Ma il futuro non si costruisce solo facendo figli. Manca un’altra parte molto importante: i nonni. Oggi c’è una cultura che nasconde i nonni, li manda alla casa di riposo. Adesso è cambiata un po’ per la pensione – purtoppo è così –, ma la tendenza è quella: scartare i nonni. Mi viene in mente una storia interessante. C’era una bella famiglia, dove il nonno viveva con loro. Ma con il tempo in nonno è invecchiato, e poi quando mangiava si sporcava… Allora il papà ha fatto costruire un tavolino, in cucina, perché ci mangiasse il nonno, così loro potevano invitare gente. Un giorno il papà torna a casa e trova uno dei bambini piccoli che lavorava con il legno. “Cosa stai facendo?” – “Un tavolino, papà” – “Ma perché?”- “Per te, per quando sarai vecchio”. Per favore, non dimenticare i nonni! Quando io, nell’altra diocesi, visitavo tanto le case di riposo, domandavo ai nonni – penso a un caso –: “Quanti figli ha?” - “Tanti” - “Ah, bene. E vengono a trovarla?” - “Sì sì, vengono sempre”. Poi, all’uscita, l’infermiere mi diceva: “Non vengono mai”. I nonni soli. I nonni scartati. Questo è un suicidio culturale! Il futuro lo fanno i giovani e i vecchi insieme; il coraggio e la memoria, insieme. Per favore, parlando di natalità, che è il futuro, parliamo anche dei nonni, che non sono il passato: aiutano il futuro. Per favore, abbiamo figli, tanti, ma abbiamo anche cura dei nonni! È molto importante.
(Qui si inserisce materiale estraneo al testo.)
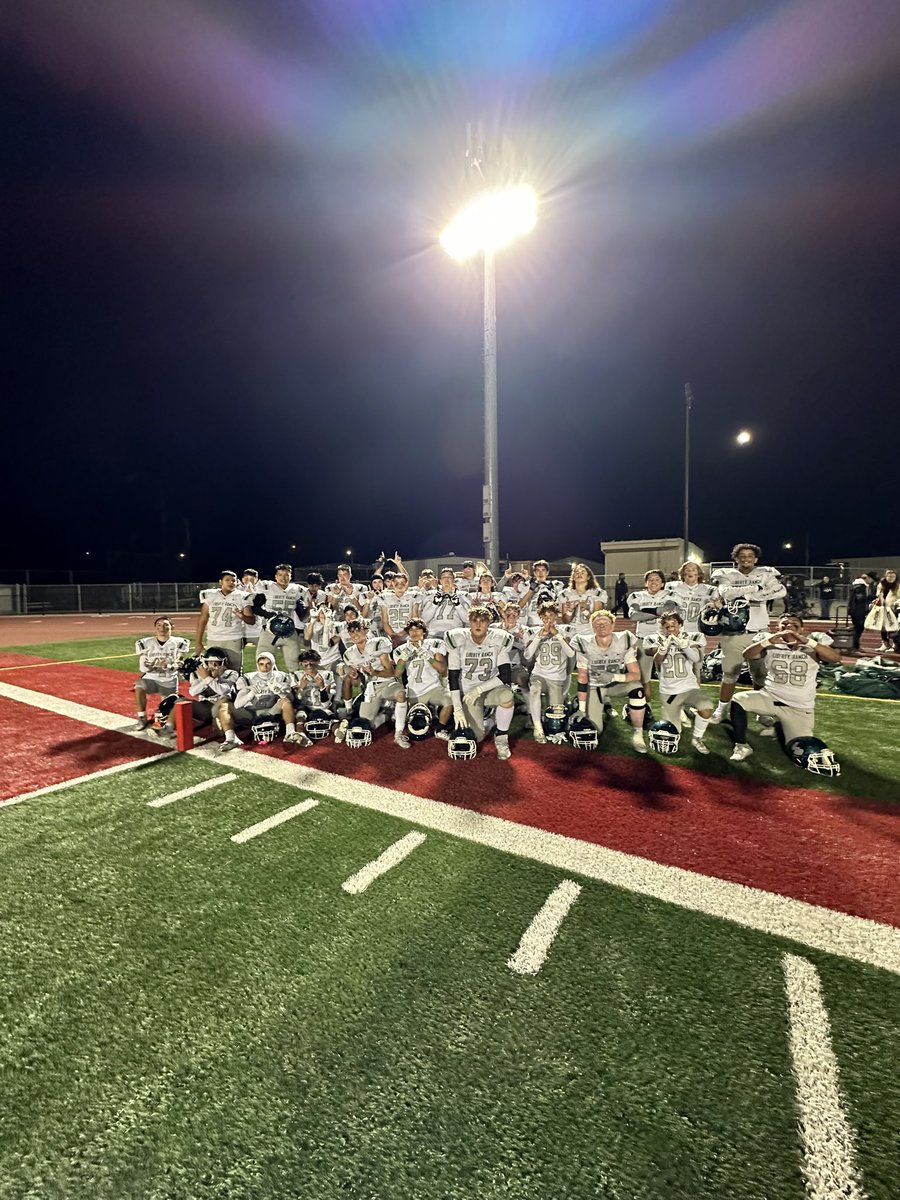 2023 SVC JV League Champs. This is a fun, exciting group of young men. 
#wearelibertyranch #hawksnation
#champs @LRHawkFootball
Cari amici, vi ringrazio per quello che fate, grazie a tutti voi. Grazie a te per il tuo coraggio. Vi sono vicino e vi accompagno con la mia preghiera. E per favore, vi chiedo di non dimenticarvi di pregare per me. Ma pregate a favore, non contro! Grazie.
Questo “a favore e non contro” lo dico perché una volta, stavo finendo un’udienza e lì a venti metri c’era una signora, una vecchietta, piccolina, occhi bellissimi. Ha cominciato a dire: “Vieni, vieni!”. Simpatica. Mi sono avvicinato: “Signora come si chiama?” – mi ha detto il nome – “E quanti anni ha?” – “87” – “Ma cosa fa, cosa mangia per essere così forte?” – “Mangio i ravioli, li faccio io”. E mi ha dato la ricetta dei ravioli. E poi le ho detto: “Signora, per favore, preghi per me” – “Lo faccio tutti i giorni”. E io per scherzare le dissi: “Ma preghi a favore, non contro!”. E la vecchietta, sorridendo, mi disse: “Stia attento, Padre! Contro pregano lì dentro”. Furba! Un po’ anticlericale. E per favore: a favore, non contro, a favore.
[1] cfr S. Giovanni Paolo II, Lett. enc. Sollicitudo rei socialis (1987), 36-37; Catechismo della Chiesa Cattolica, n. 1869.